__Records for this task__:
━━━━━━

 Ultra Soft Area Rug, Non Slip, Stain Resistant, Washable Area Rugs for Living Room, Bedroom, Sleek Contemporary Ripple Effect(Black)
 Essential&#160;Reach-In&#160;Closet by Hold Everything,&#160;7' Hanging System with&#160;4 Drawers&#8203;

━━━━━━

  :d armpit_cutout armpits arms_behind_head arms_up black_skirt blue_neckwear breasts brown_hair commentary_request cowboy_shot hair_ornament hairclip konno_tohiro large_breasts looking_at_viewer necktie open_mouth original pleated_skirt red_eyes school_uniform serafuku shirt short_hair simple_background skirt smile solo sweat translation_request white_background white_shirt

━━━━━━

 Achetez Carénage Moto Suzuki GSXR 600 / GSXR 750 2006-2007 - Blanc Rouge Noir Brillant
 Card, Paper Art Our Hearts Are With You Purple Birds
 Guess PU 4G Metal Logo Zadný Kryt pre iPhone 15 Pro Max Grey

━━━━━━

Set down, exactly as they appear above, all lines from the one that has "Card, Paper Art" down to the one that has "Guess PU 4G", including those two and no others.

__Written reply__:
 Card, Paper Art Our Hearts Are With You Purple Birds
 Guess PU 4G Metal Logo Zadný Kryt pre iPhone 15 Pro Max Grey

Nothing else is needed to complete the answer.